# Required work
None of the pictures should appear; the lines from the line containing "Veldrevet webshop med" through the last line of the listing must be repeated exactly.

▶

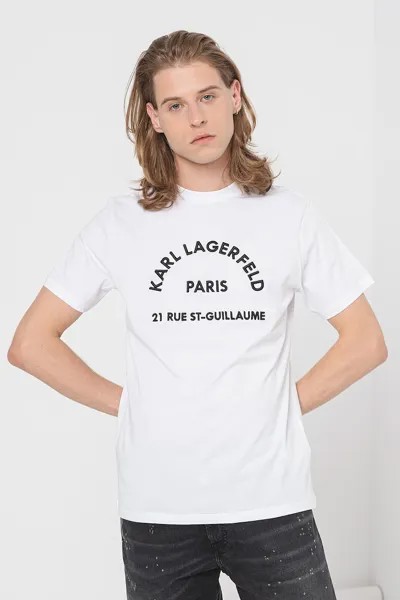 Хлопковая футболка с логотипом Karl Lagerfeld, белый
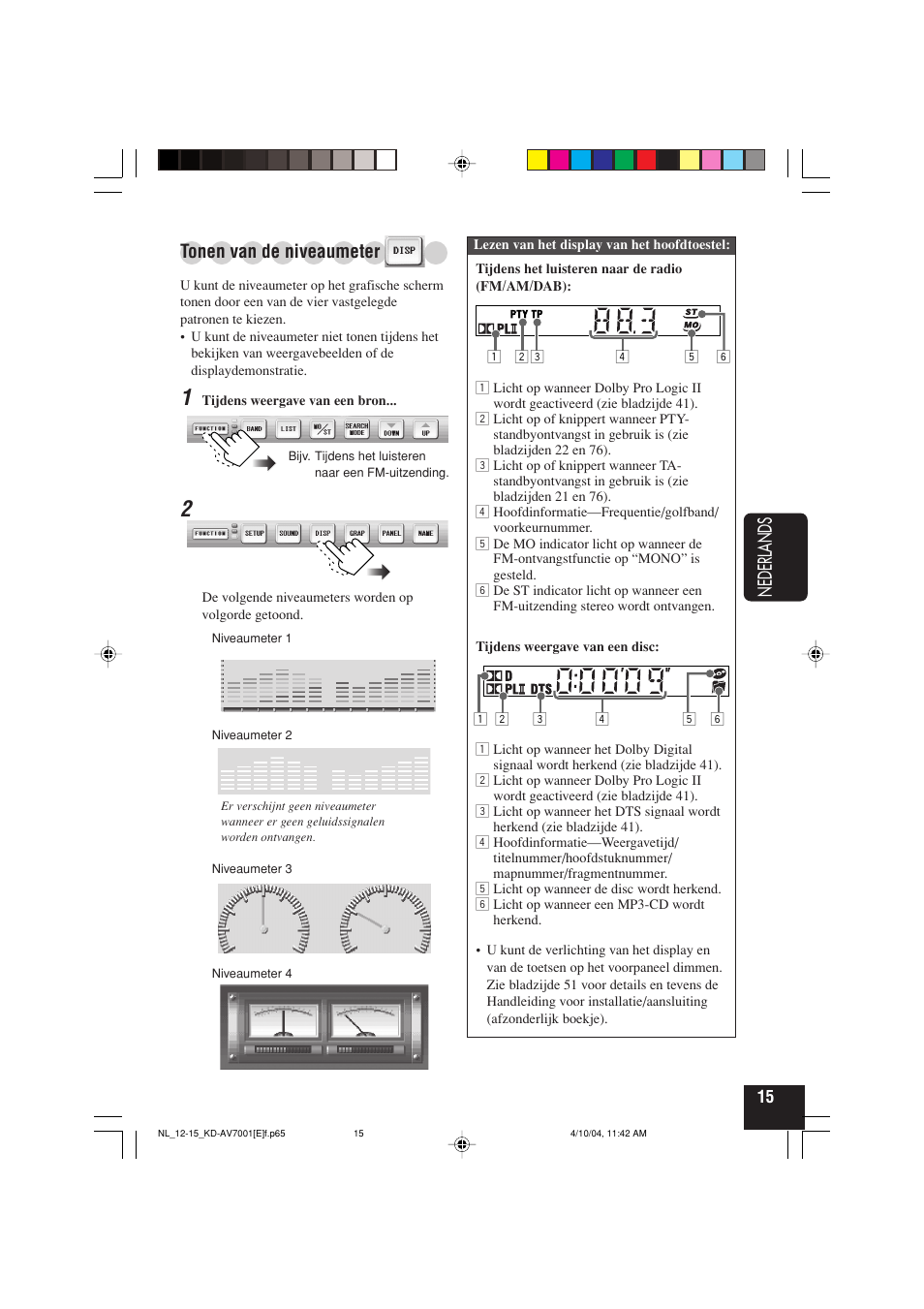 Nederlands, Tonen van de niveaumeter | JVC KD-AV7001 User Manual | Page 285 / 363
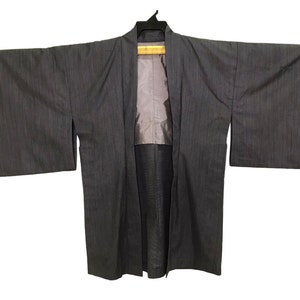 Vintage Noragi Kimono Haori Hanten Jinbei Japanese   Cardigan Happi Jacket B593 Silver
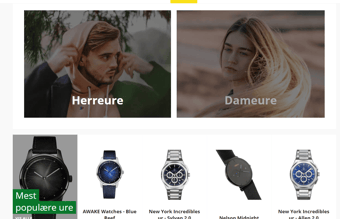 Veldrevet webshop med salg af ure fra små urmærker - Dækningsgrad: 30-32%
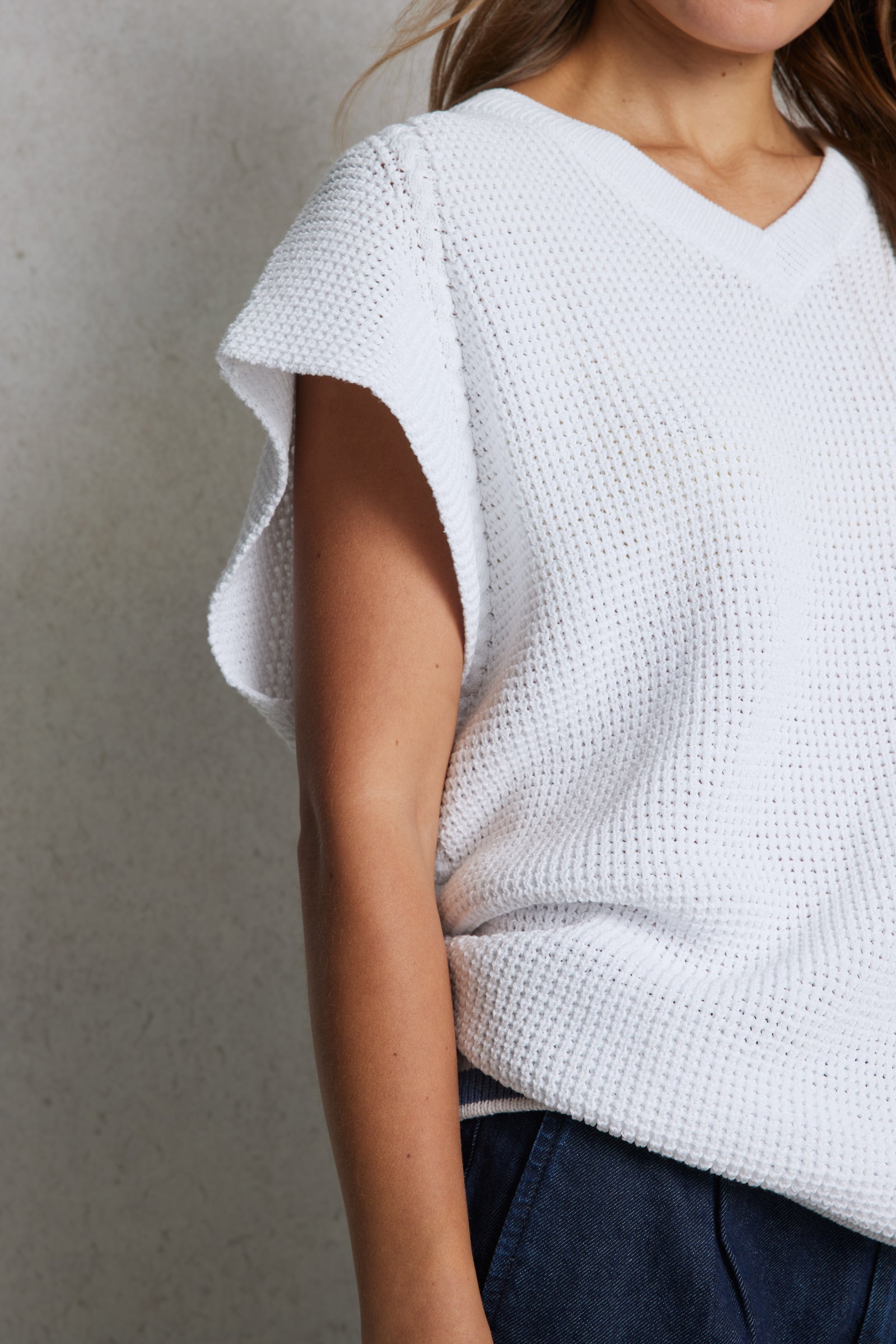 Knitted Tank 01 White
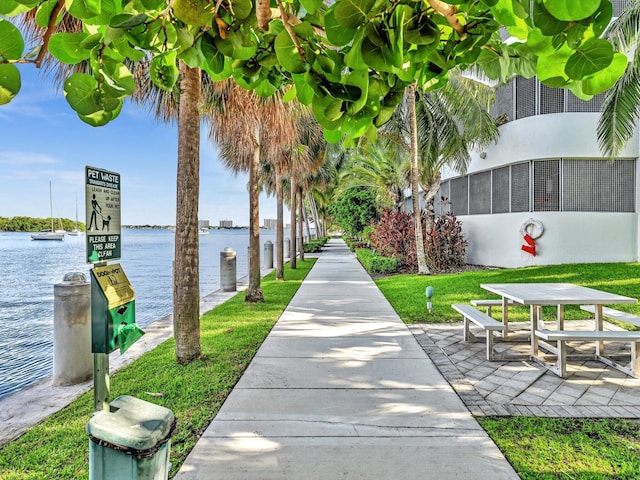 view of property's community with a water view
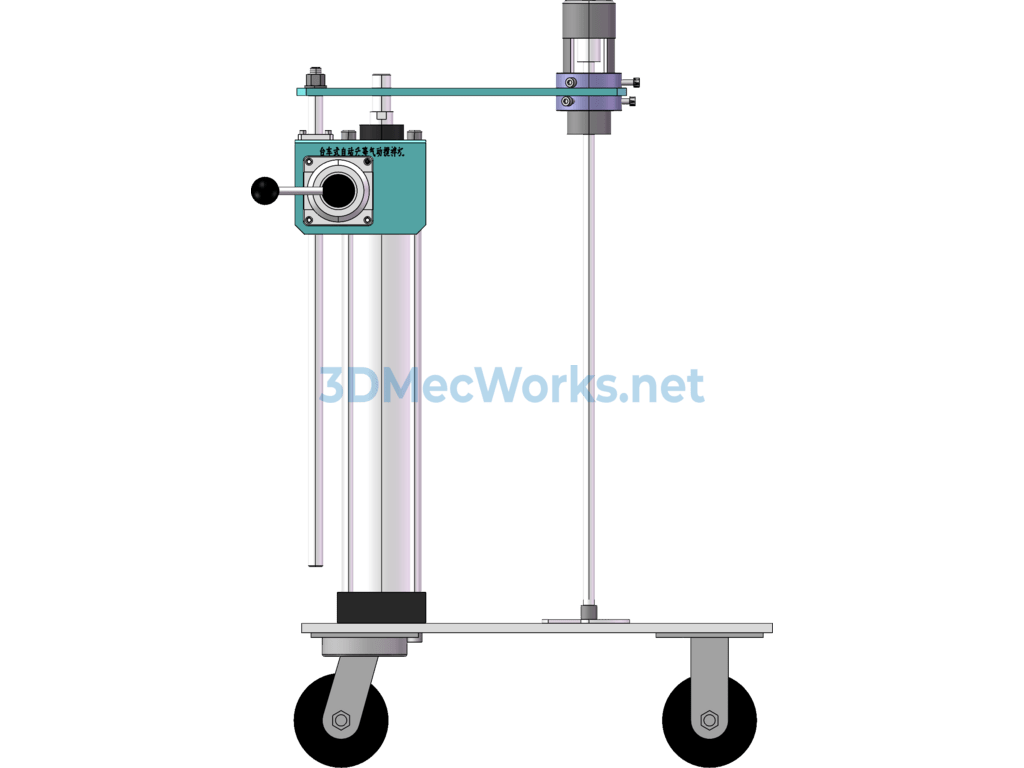 Trolley-Type Automatic Lifting Pneumatic Mixer - SolidWorks - Free Download Trolley-Type Automatic Lifting Pneumatic Mixer - Image 5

◀

# Solution to the problem
 Veldrevet webshop med salg af ure fra små urmærker - Dækningsgrad: 30-32%
 Knitted Tank 01 White
 view of property's community with a water view
 Trolley-Type Automatic Lifting Pneumatic Mixer - SolidWorks - Free Download Trolley-Type Automatic Lifting Pneumatic Mixer - Image 5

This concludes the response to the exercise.